MPLW515L Is a Novel Somatic Activating Mutation in Myelofibrosis with Myeloid Metaplasia (original) (raw)
Figure 1
MPLW515L Mutation Is Found in JAK2V617F-Negative MF and Causes Cytokine-Independent Growth in 32D and UT7 Cells, and Constitutively Activates the JAK-STAT Signaling Pathway
(A) Forward (middle trace) and reverse (lower trace) sequence traces demonstrating a heterozygous guanine to thymine substitution (arrows) present in granulocyte DNA from a patient with MF. The mutation is not present in buccal DNA from the same patient (upper trace).
(B) DNA sequence and protein translation for both the wild-type and mutant MPL alleles. The mutation results in a tryptophan-to-leucine substitution at codon 515.

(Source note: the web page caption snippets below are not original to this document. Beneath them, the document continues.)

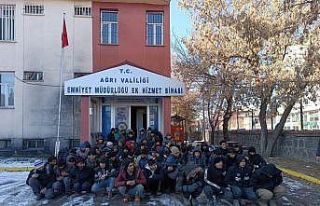 Ağrı’da tırda 85 kaçak göçmen yakalandı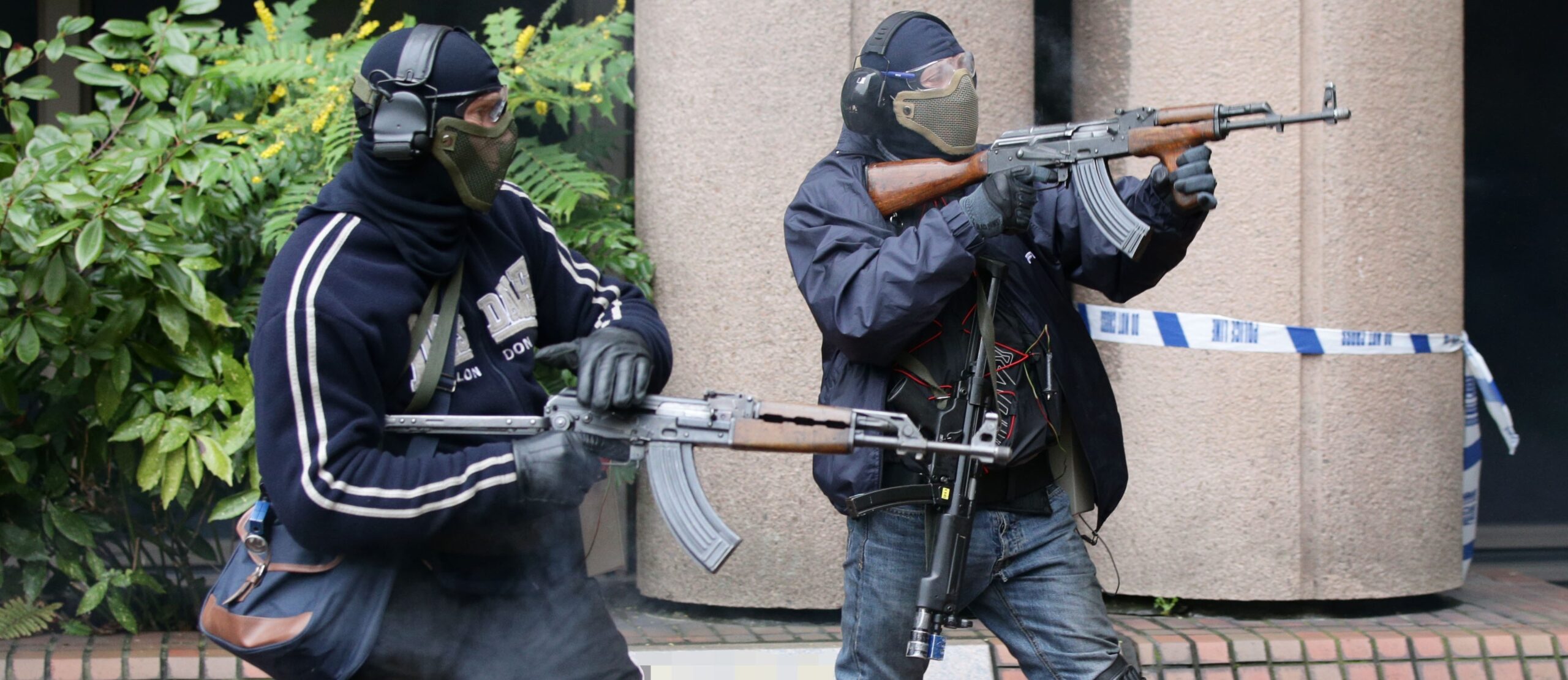 Βίντεο: Πως πρέπει να δράσετε για να επιβιώσετε από μια τρομοκρατική επίθεση;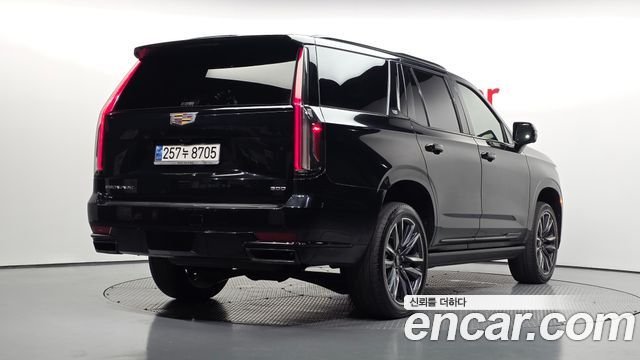 Cadillac Escalade 5-го поколения 6.2 Sports Platinum - фото 1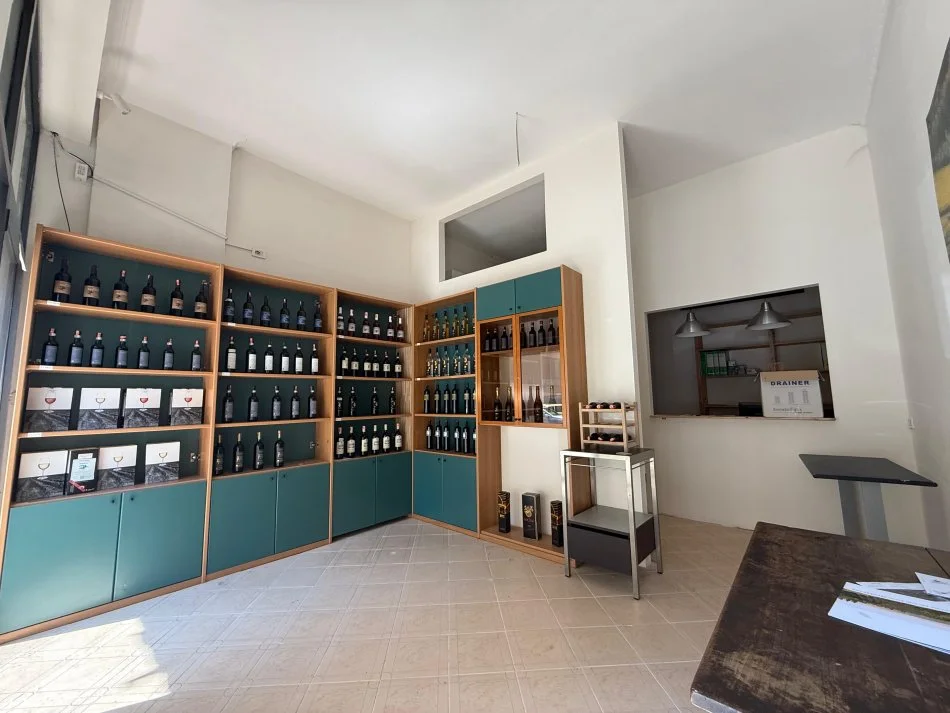 Tirane, jepet me qera ambjent biznesi Kati 0, 103 m² 500 € (Laprake)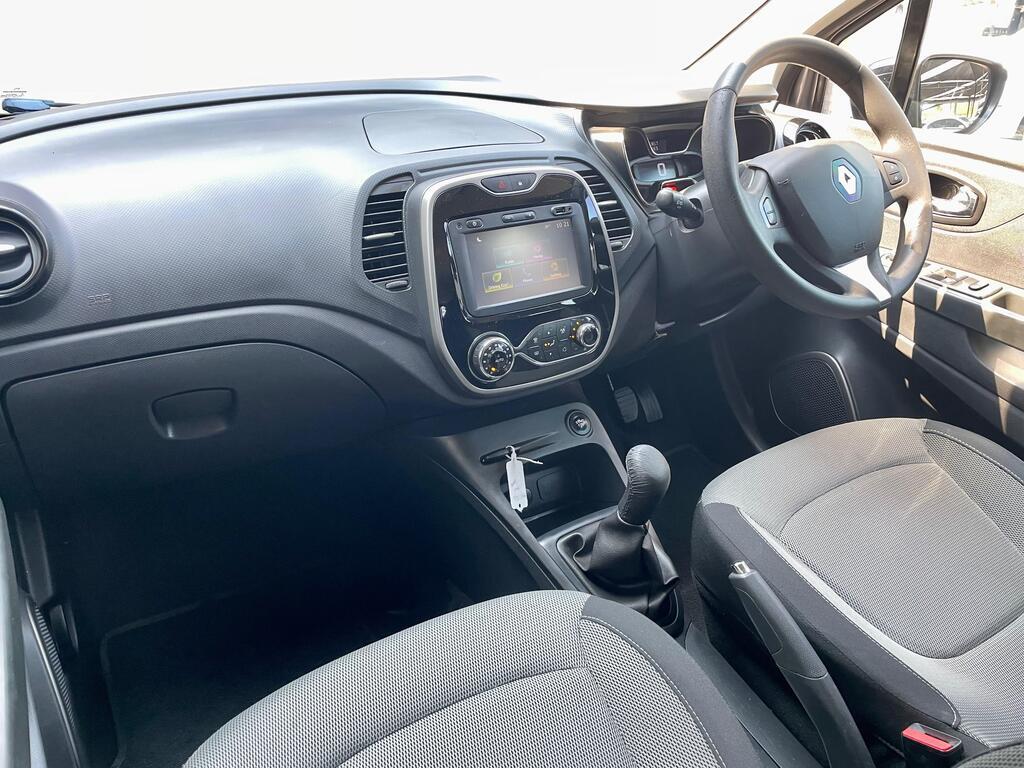 RENAULT CAPTUR CAPTUR 900T EXPRESSION 5DR (66KW) - 19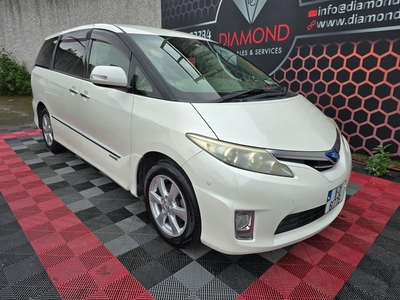 2011 - Toyota Estima Automatic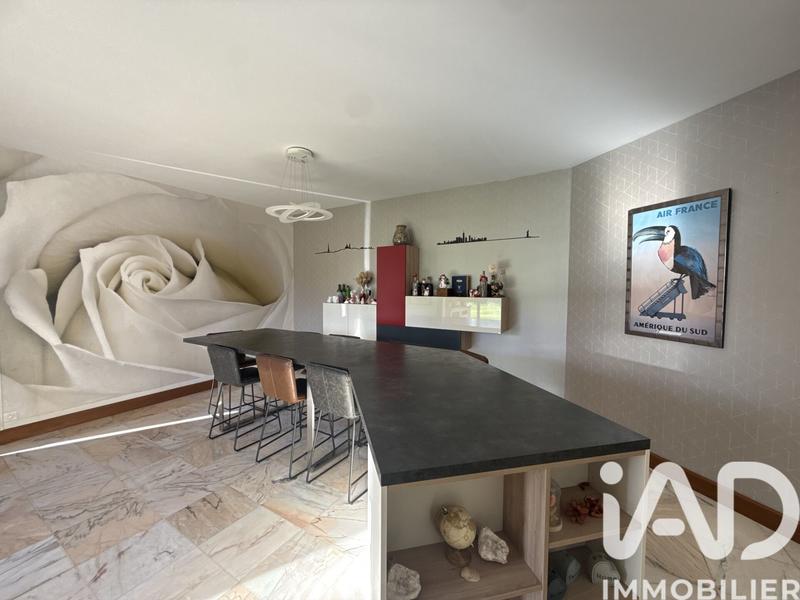 Maison de maîtres - 360 m² - 8 pièces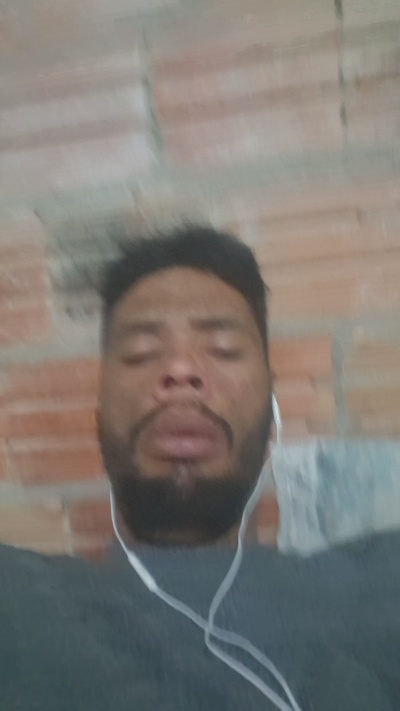 gzin4 live cam on Cam4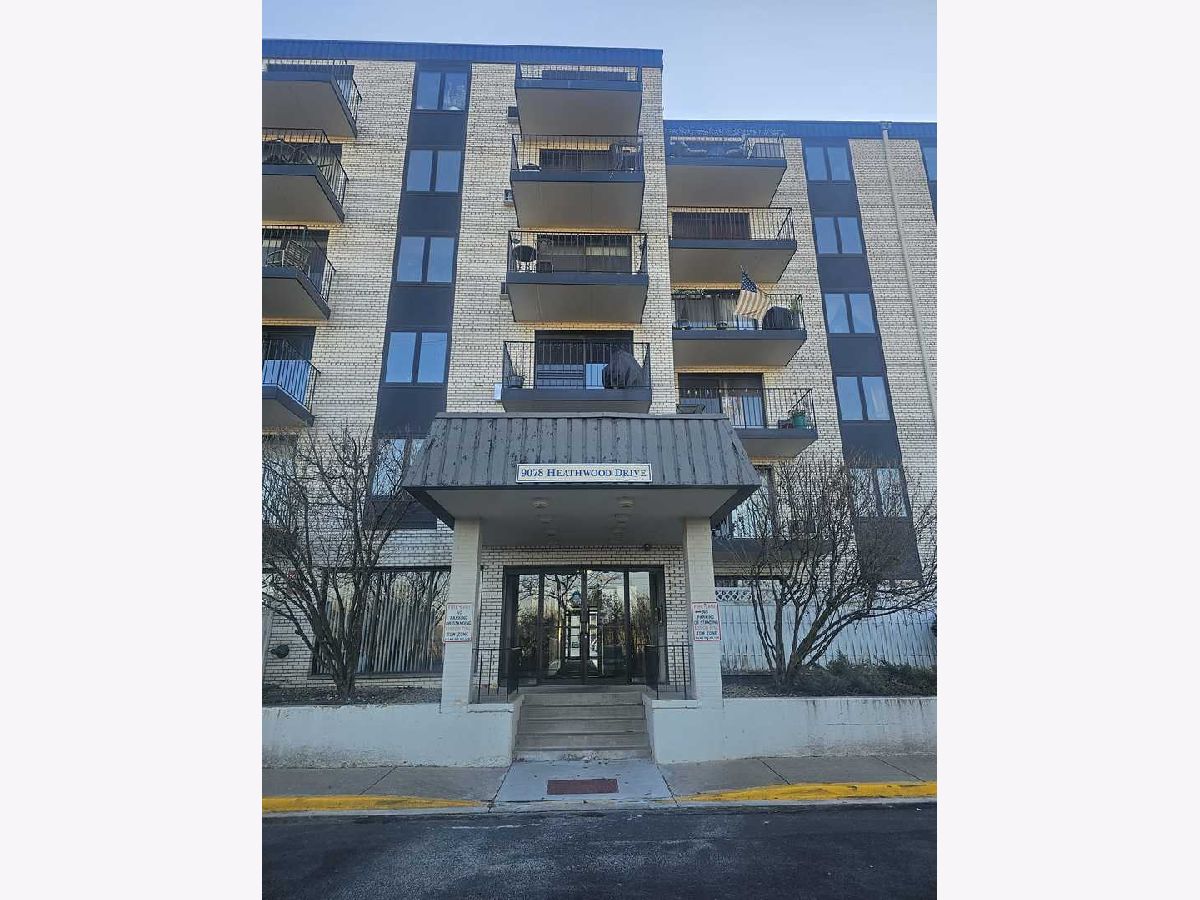 Condos & Townhomes & Homes Rented Terrace Square Niles Illinois, 9078 Heathwood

(C) Upper: 32D cells transduced with MPLW515L exhibit cytokine-independent growth compared with MPLWT (left). Cell lines grown in the presence of IL3 show equal rates of growth (right). Error bars denote the standard deviation for each sample measured in triplicate. Lower: UT7 cells transformed with MPLW515L exhibit cytokine-independent growth compared with MPLWT (left). Cell lines grown in the presence of TPO (5 ng/mL) show equal rates of growth (right). Error bars denote the standard deviation for each sample measured in triplicate.
(D) 32D cells, 32D MPLWT cells, and 32D MPLW515L cells were deprived of cytokines and then analyzed by Western blots, demonstrating phosphorylation of JAK2, STAT5, STAT3, AKT, and ERK in MPLW515L compared with MPLWT.